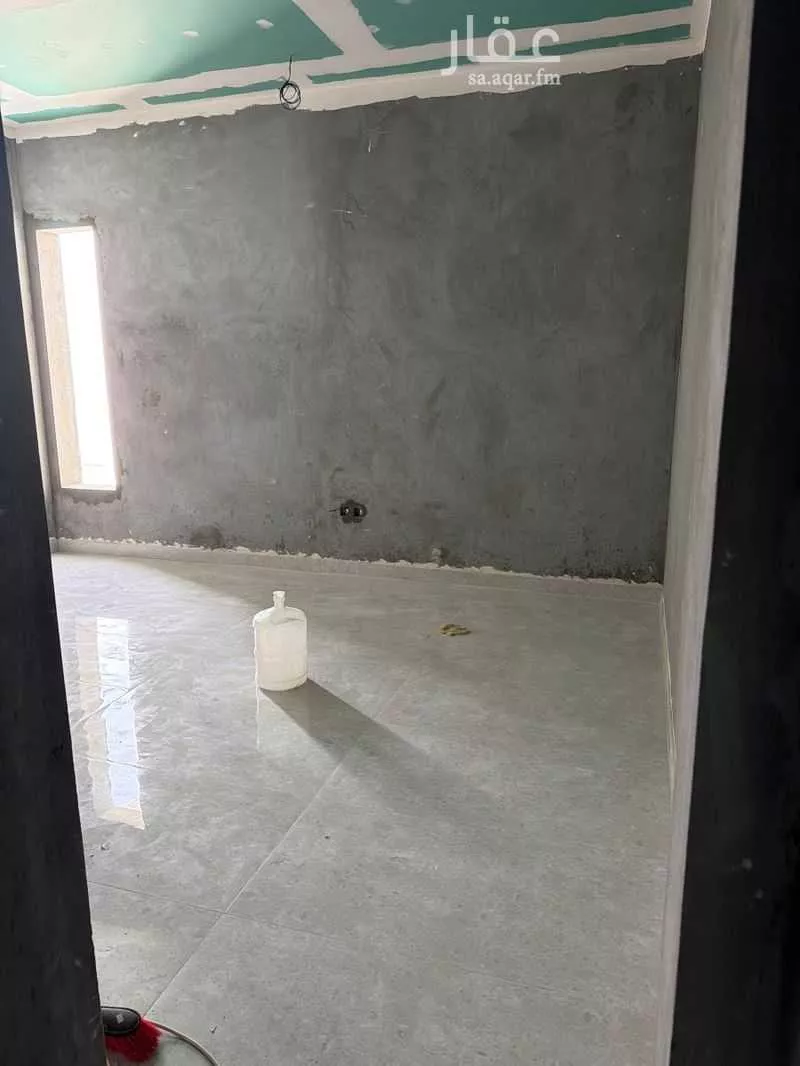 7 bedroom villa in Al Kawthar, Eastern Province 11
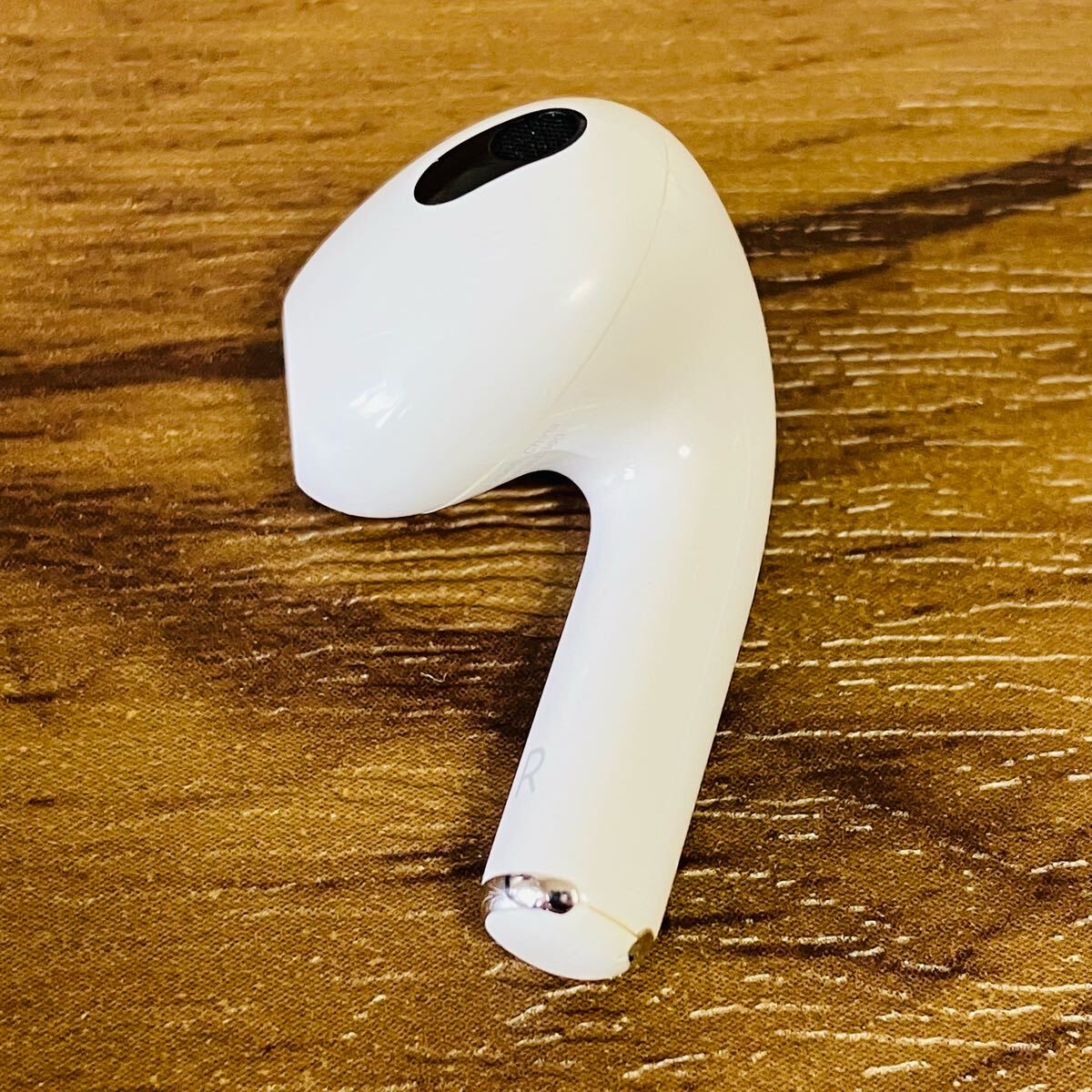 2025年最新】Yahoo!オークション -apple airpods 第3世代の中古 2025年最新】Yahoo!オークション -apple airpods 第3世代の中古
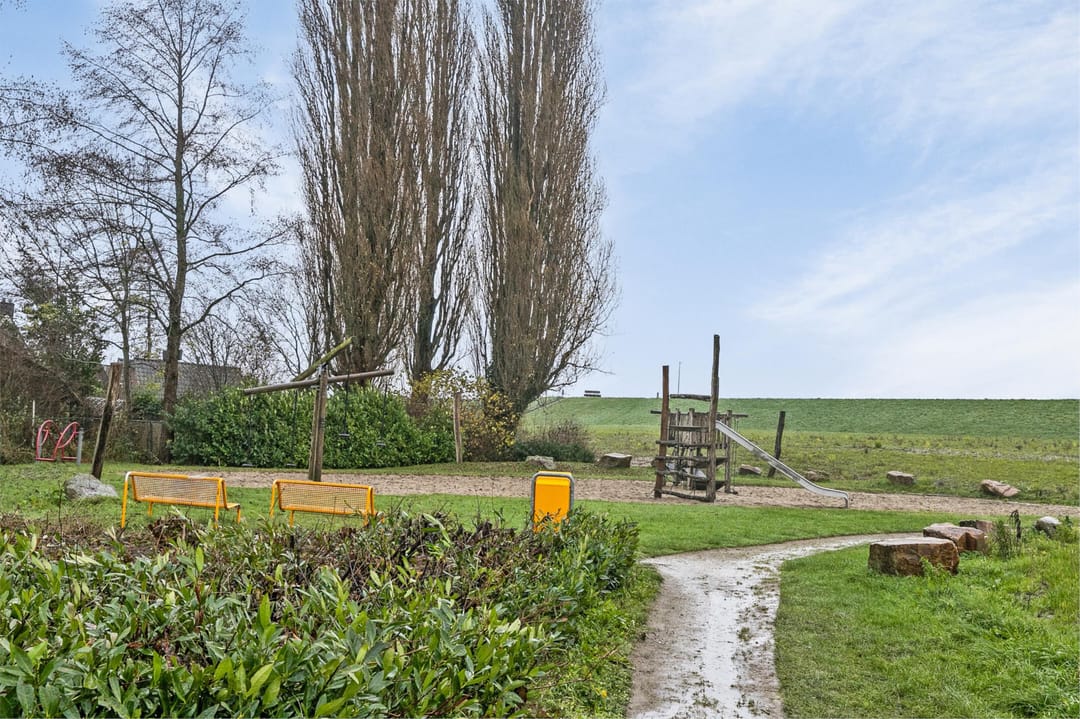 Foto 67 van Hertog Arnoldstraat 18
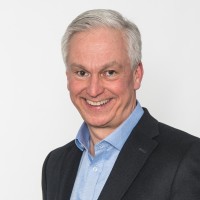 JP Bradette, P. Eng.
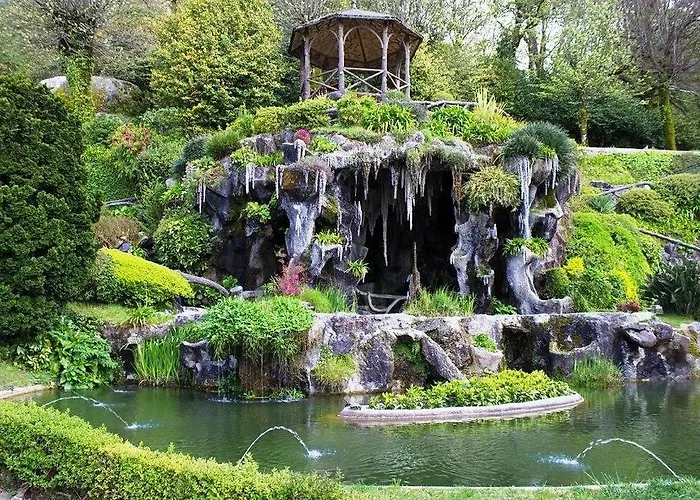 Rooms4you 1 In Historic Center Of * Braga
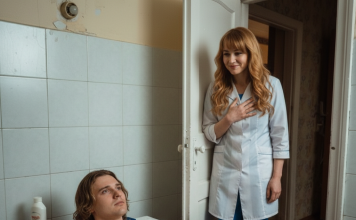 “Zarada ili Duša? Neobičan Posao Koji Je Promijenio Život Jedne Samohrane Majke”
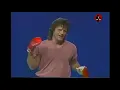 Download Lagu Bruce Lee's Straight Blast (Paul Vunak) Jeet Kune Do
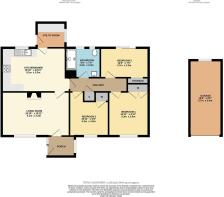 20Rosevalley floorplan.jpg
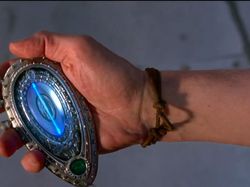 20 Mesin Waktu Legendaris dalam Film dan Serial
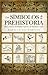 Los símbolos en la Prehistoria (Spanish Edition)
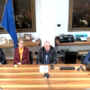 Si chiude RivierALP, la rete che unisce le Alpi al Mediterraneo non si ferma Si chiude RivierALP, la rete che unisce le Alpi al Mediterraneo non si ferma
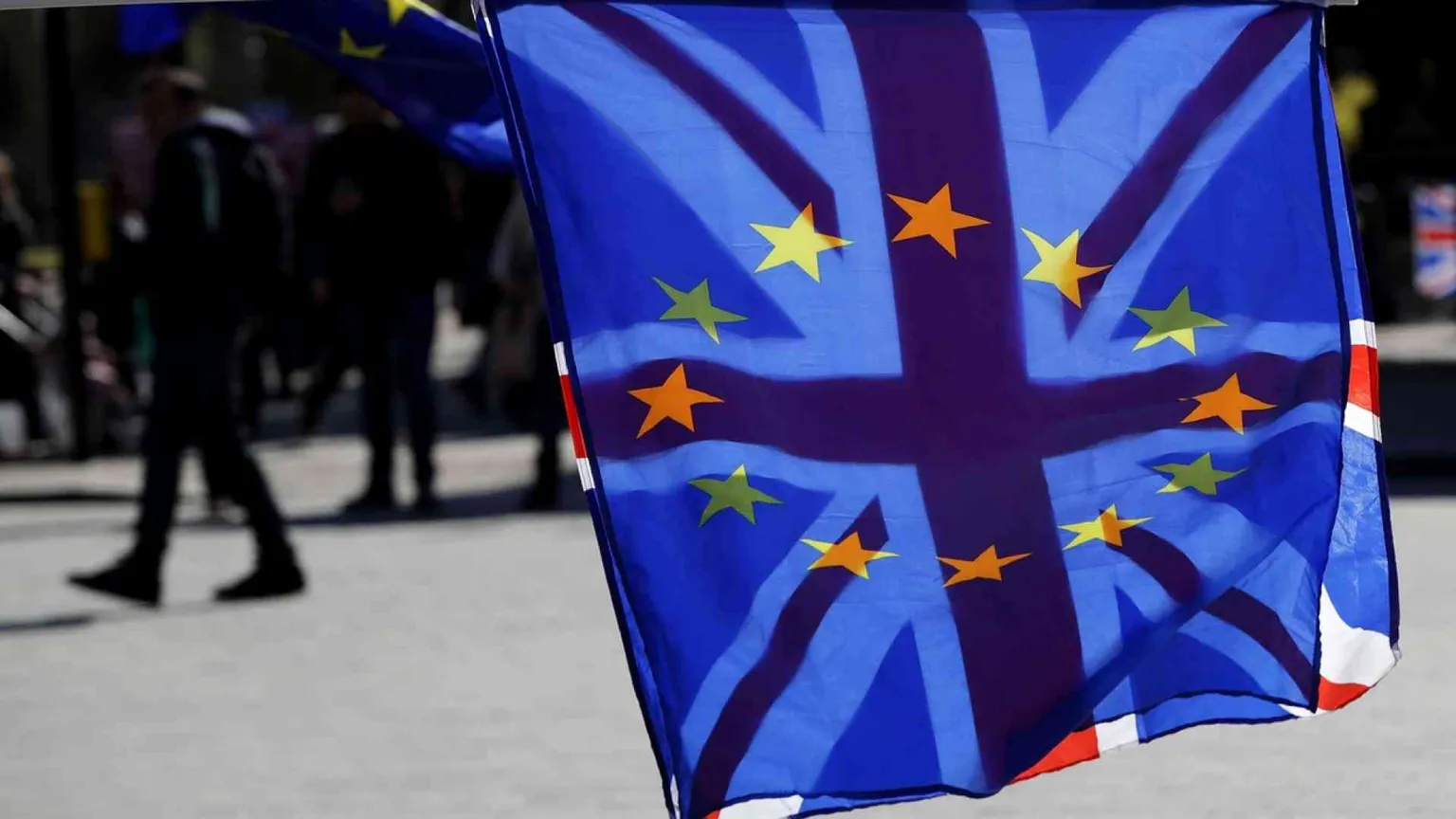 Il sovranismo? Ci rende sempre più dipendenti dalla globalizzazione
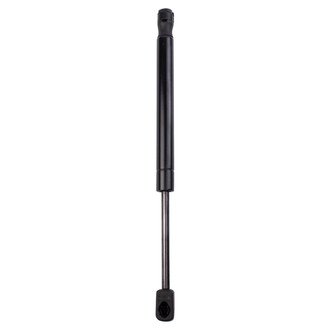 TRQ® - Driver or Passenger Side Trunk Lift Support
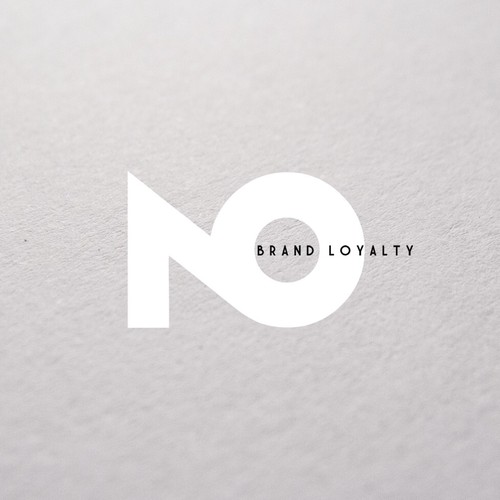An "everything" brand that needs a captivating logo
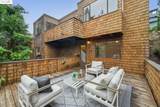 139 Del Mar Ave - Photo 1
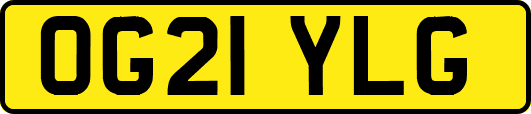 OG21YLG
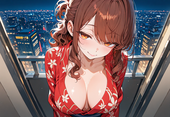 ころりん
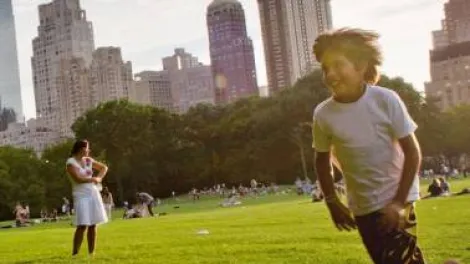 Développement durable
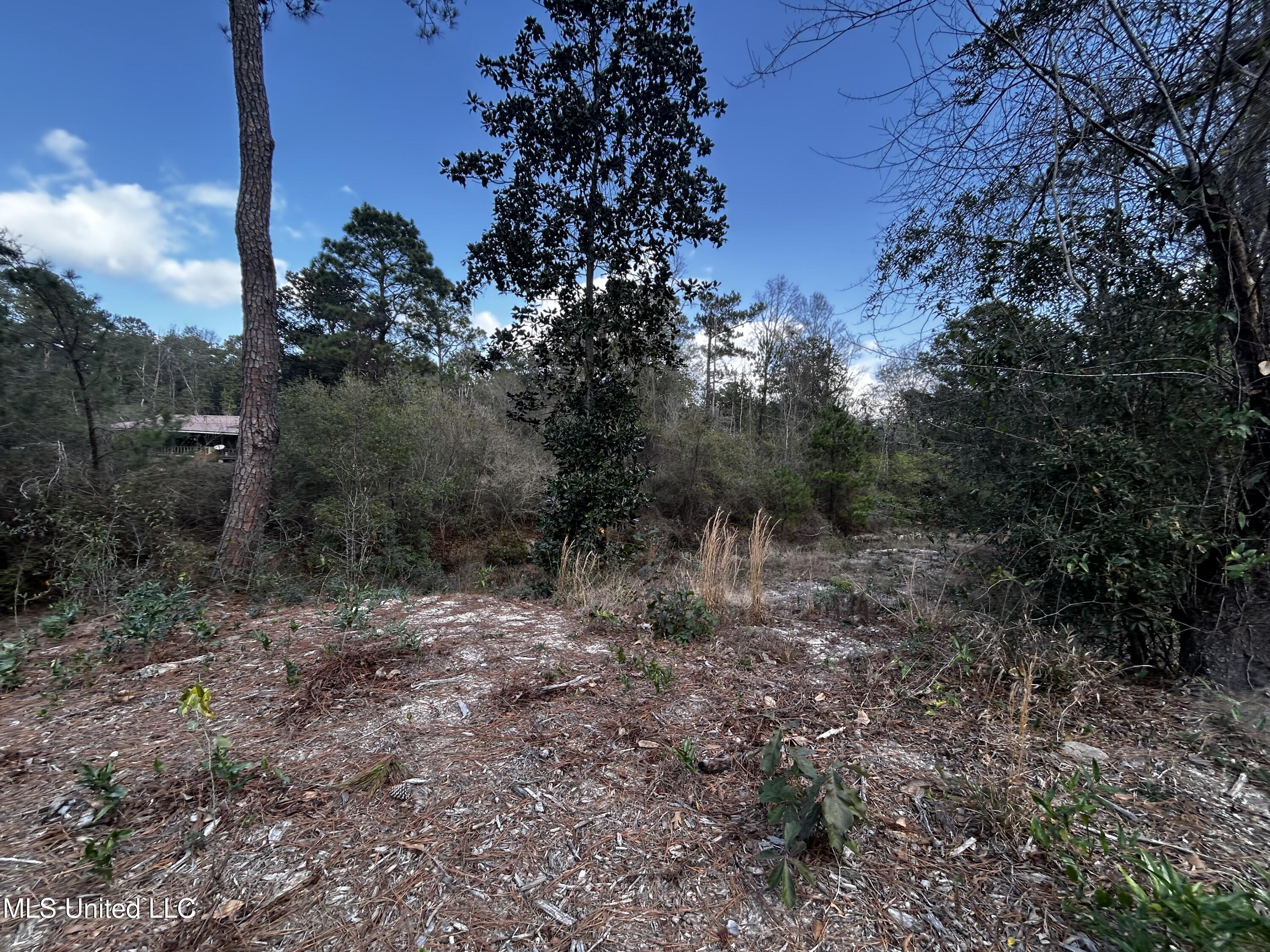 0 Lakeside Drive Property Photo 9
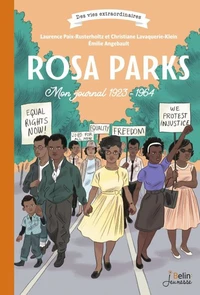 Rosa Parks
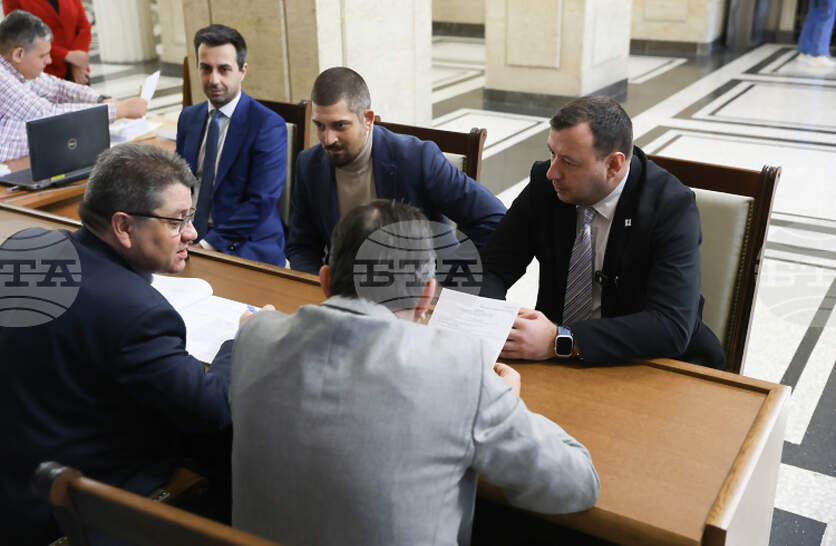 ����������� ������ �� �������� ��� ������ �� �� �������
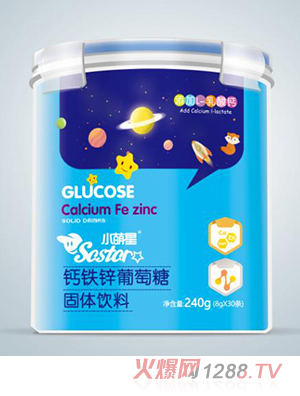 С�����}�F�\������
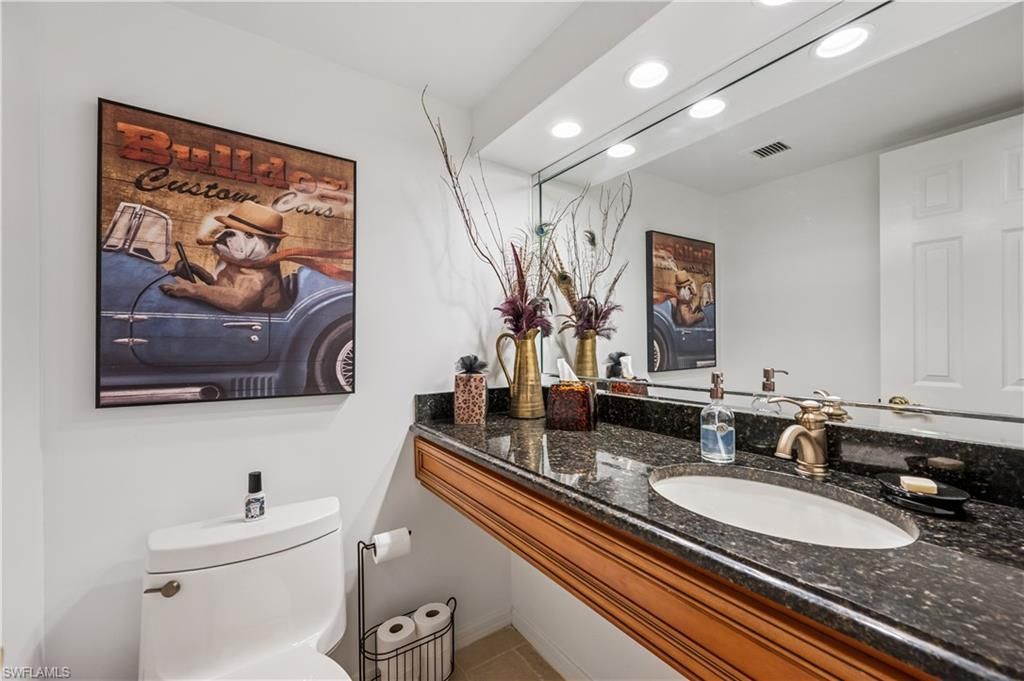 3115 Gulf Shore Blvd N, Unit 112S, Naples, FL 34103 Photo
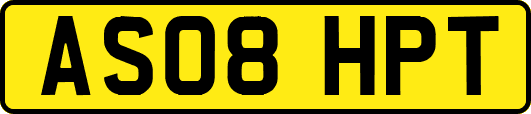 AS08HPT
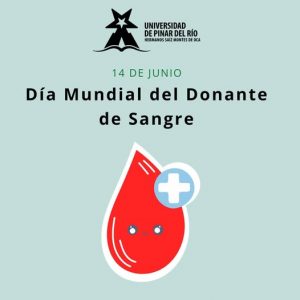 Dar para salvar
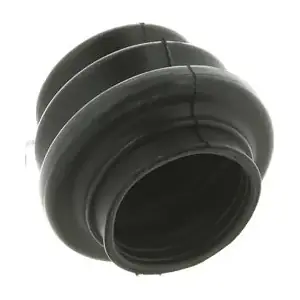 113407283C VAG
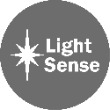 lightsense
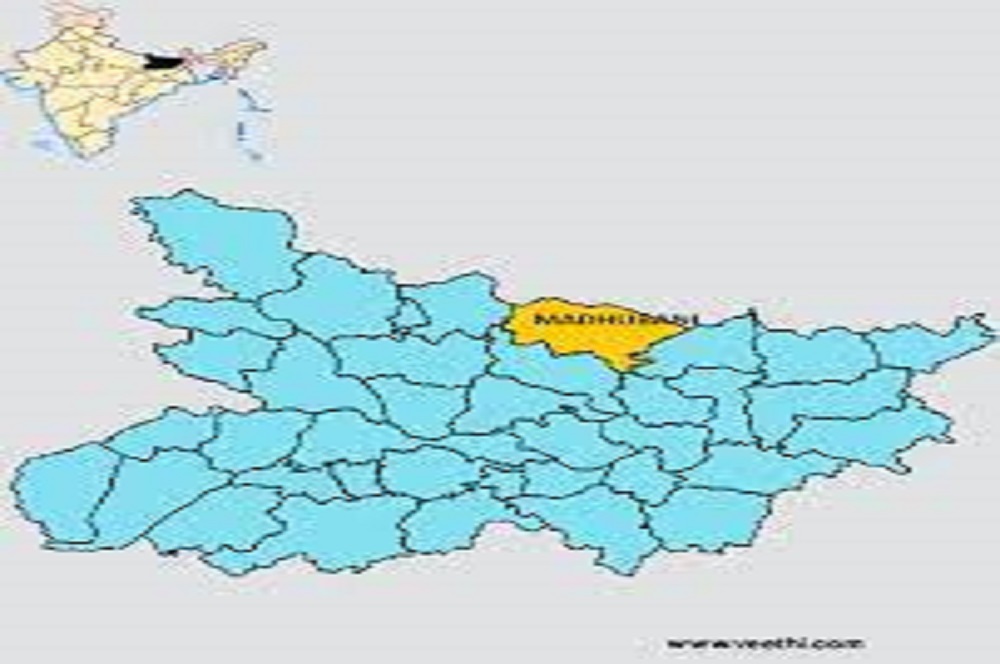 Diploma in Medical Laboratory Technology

========================================================================

■ **What to work on**: What you should produce is an exact copy of the records, with the pictures left out.

■ **Exercise output**:
 7 bedroom villa in Al Kawthar, Eastern Province 11
 2025年最新】Yahoo!オークション -apple airpods 第3世代の中古 2025年最新】Yahoo!オークション -apple airpods 第3世代の中古
 Foto 67 van Hertog Arnoldstraat 18
 JP Bradette, P. Eng.
 Rooms4you 1 In Historic Center Of * Braga
 “Zarada ili Duša? Neobičan Posao Koji Je Promijenio Život Jedne Samohrane Majke”
 Download Lagu Bruce Lee's Straight Blast (Paul Vunak) Jeet Kune Do
 20Rosevalley floorplan.jpg
 20 Mesin Waktu Legendaris dalam Film dan Serial
 Los símbolos en la Prehistoria (Spanish Edition)
 Si chiude RivierALP, la rete che unisce le Alpi al Mediterraneo non si ferma Si chiude RivierALP, la rete che unisce le Alpi al Mediterraneo non si ferma
 Il sovranismo? Ci rende sempre più dipendenti dalla globalizzazione
 TRQ® - Driver or Passenger Side Trunk Lift Support
An "everything" brand that needs a captivating logo
 139 Del Mar Ave - Photo 1
 OG21YLG
 ころりん
 Développement durable
 0 Lakeside Drive Property Photo 9
 Rosa Parks
 ����������� ������ �� �������� ��� ������ �� �� �������
 С�����}�F�\������
 3115 Gulf Shore Blvd N, Unit 112S, Naples, FL 34103 Photo
 AS08HPT
 Dar para salvar
 113407283C VAG
 lightsense
 Diploma in Medical Laboratory Technology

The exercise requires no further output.